I never cared for anyone so much. I was born with a bomb inside my gut.
There, over the din of the forest (birds and critters and muted conversation), she hears a voice.
It is not a question whispered tender in her ear.
It is not something soft that she can wrap around her weary shoulders.
It comes from someplace far away. It is something that has thought better of getting too close. And Lilian, she has never been inviting. She has only ever been ordinary, unremarkable, pitiful in a way that meant strangers turned away from her far more often than they sidled closer. Because there was so little to her that was not somehow tainted by the sadness at the very center of her. Because she had lost something once that she would never get back. Because sometimes she forgot to breathe. Or, perhaps, she merely wished that she did not have to.

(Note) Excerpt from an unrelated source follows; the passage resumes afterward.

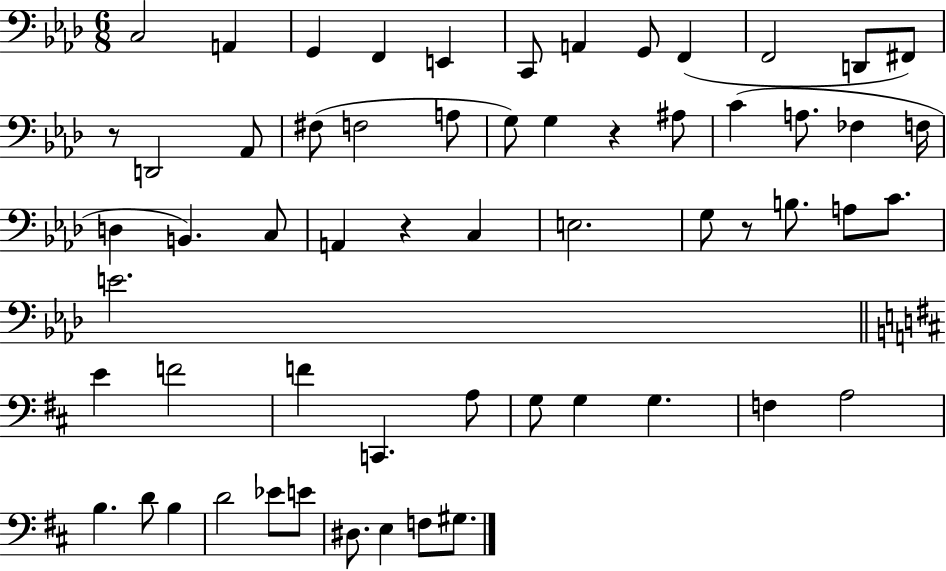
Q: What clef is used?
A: bass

Living had become so dreadfully painful without anything to live for.
But the question is not unfriendly. Lilian lifts her weary head, tries for a smile that lists and fades. A clumsy, half-hearted thing as she shakes her head. “No,” she calls back. And still, despite the storm cloud that has taken up residence in the cavern of her chest, there is some warmth to her voice. It is not honeyed, not even sweet, but at least she has not lost this.
And because she is starved for conversation, companionship, anything to distract from all the static in her head and the occasional hitch in her pulse, she wanders closer. There is something in the mare’s body language that indicates that she’d been on her way to someplace else and Lilian thinks that she should let her go, thank her for her concern (or whatever it had been that had inspired her to ask in the first place), and resume her ruminating. But she is alone, Lilian, and so dreadfully lonely. So, she moves to swallow up some of the space between them.
She feels a faint flicker of embarrassment as she settles in closer. Such a needy, desperate thing she is, she thinks, but she has never been able to help it. She has always looked for a sense of worth in others. “Well,” she says, the brow furrowing in a faint, contemplative frown, “not someone,” she continues, “but something, maybe.” She rolls a shoulder in a kind of shrug and then shifts away her focus with a sheepish smile.
“I’m Lilian,” she says, unprompted, dragging her gaze back to the mare’s face with that same bashful grin.
lilian
@[lilliana] i'm so sorry for the delay my lilian muse took a nosedive but! yay!